= Anna Weinberg (restaurateur) =

American restaurateur

Anna Weinberg has been a restaurateur since the late 1990s. Before that, she was an actress. Weinberg was the co-owner and managing partner of Big Night Restaurant Group, which was dissolved in 2023.

When she was living in NYC and working in restaurants, she met Melissa O’Donnell and when she was 23, they opened a restaurant named Stella.

==Early life==
Weinberg grew up in Waiheke Island, New Zealand and moved to New York City when she was 19. She moved to San Francisco with James Nicholas, her business partner and future husband (they have since divorced).

==Career==

Her first San Francisco restaurant, South, an Australian, New Zealand, South African focused restaurant opened to critical acclaim in 2008. It was reconcepted to Marlowe in 2009.

She opened Park Tavern, a New York style brasserie, in 2011 with Dave Stanton.
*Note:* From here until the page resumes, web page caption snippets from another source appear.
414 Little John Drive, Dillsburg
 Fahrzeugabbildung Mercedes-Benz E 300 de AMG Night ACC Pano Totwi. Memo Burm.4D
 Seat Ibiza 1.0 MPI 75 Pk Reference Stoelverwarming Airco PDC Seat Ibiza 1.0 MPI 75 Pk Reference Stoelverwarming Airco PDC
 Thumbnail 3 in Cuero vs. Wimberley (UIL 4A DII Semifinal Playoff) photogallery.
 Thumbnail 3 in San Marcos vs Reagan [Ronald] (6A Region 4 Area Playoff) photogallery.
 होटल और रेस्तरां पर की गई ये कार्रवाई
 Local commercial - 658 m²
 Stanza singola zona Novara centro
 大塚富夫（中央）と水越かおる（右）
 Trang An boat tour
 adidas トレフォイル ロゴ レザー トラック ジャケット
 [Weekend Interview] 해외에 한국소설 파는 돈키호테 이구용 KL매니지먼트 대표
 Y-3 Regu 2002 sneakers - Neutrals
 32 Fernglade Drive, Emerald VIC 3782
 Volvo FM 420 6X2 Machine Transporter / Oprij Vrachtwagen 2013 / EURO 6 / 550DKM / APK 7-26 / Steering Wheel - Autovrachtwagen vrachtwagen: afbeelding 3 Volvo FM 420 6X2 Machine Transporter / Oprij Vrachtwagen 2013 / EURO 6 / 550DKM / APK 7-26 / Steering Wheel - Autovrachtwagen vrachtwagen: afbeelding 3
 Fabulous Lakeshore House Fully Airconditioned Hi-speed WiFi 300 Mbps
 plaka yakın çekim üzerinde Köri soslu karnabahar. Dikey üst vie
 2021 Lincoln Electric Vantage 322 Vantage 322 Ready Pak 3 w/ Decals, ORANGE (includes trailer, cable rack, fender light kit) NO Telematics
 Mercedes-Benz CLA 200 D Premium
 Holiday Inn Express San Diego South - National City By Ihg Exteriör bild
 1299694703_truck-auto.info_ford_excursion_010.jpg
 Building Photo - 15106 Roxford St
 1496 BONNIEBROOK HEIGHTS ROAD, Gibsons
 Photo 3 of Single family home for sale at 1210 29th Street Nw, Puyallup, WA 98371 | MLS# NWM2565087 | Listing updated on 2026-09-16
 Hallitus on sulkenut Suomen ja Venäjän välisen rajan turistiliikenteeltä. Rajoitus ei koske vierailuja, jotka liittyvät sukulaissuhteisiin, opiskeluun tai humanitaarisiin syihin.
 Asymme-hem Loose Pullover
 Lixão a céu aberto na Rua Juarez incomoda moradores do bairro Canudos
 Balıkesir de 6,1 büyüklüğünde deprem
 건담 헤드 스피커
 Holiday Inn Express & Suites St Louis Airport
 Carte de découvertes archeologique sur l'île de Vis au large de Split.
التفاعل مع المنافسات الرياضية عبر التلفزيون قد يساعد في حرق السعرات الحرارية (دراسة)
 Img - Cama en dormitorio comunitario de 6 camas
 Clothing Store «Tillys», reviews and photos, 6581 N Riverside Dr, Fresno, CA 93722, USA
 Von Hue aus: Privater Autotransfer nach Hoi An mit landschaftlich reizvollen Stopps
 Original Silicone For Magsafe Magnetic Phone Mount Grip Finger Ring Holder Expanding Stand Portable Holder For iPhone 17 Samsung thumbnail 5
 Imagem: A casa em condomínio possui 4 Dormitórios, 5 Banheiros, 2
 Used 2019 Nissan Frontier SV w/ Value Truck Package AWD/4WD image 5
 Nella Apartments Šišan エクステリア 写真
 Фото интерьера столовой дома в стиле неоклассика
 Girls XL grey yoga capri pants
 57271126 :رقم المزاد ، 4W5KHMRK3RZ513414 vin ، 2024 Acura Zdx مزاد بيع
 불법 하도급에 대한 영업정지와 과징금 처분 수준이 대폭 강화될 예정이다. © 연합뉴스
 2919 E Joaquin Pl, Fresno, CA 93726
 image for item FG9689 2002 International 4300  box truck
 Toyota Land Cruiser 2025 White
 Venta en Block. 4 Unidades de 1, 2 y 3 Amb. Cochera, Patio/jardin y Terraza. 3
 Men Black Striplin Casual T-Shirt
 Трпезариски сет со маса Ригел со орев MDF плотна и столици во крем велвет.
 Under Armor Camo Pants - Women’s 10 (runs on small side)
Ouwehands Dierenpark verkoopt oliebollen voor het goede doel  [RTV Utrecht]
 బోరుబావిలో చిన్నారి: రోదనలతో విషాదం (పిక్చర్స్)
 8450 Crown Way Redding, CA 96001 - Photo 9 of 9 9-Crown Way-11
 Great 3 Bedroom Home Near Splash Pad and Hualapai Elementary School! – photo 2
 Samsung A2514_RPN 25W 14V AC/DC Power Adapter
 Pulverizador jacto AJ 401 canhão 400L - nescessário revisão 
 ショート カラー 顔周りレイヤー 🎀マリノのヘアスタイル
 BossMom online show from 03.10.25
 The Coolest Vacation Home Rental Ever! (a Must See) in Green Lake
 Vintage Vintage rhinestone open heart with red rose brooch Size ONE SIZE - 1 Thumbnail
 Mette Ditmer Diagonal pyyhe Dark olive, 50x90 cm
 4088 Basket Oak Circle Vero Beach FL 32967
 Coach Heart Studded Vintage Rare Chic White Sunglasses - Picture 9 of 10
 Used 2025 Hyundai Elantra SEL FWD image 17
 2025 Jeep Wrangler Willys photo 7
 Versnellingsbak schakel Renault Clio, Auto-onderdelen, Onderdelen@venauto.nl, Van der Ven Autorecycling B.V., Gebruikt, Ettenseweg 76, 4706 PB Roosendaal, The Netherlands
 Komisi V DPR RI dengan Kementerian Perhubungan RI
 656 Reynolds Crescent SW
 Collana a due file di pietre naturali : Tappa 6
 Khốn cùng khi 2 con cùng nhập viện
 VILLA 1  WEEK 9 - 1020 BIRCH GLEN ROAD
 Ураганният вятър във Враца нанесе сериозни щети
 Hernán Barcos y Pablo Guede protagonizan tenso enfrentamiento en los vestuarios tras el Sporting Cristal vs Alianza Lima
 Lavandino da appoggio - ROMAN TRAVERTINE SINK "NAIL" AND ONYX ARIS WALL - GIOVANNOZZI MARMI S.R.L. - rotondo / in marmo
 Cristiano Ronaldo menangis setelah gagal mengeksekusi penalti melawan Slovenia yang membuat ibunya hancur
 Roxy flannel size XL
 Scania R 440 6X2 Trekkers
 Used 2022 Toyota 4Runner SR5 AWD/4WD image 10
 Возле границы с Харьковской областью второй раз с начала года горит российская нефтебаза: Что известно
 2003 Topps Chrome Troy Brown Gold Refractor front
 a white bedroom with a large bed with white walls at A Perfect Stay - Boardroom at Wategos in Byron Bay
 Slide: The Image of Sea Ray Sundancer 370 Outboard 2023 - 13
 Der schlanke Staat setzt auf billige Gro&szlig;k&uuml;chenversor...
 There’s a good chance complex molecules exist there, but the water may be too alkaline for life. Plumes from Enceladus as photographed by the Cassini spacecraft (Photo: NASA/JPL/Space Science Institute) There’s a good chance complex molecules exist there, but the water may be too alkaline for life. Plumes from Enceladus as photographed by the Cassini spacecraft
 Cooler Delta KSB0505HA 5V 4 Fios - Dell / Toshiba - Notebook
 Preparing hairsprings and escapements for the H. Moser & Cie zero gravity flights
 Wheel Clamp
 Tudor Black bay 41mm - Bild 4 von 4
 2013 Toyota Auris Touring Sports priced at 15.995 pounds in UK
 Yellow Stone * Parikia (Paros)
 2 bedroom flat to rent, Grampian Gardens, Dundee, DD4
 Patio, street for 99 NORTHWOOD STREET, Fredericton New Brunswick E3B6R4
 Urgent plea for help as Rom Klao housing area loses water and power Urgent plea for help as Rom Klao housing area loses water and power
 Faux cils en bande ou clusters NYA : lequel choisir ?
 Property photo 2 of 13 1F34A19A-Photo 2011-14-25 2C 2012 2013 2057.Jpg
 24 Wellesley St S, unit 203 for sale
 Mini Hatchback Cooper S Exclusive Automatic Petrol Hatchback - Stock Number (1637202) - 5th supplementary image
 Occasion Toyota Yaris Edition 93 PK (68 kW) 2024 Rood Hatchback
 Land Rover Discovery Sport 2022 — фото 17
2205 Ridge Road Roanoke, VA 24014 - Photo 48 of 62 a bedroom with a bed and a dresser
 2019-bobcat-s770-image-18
Ken Fulk, Stanton, and Consulting partner Nancy Oaks took over Tosca Cafe in North Beach, San Francisco, in 2019 from previous owners April Bloomfield and Ken Friedman.

She has been involved with several other restaurants, including Park Tavern, The Cavalier, Petit Marlowe, Leo’s Oyster Bar, Marianne's, and Cow Marlowe.

She has said Jonathan Waxman, with whom she worked at Barbuto, taught her everything she knows.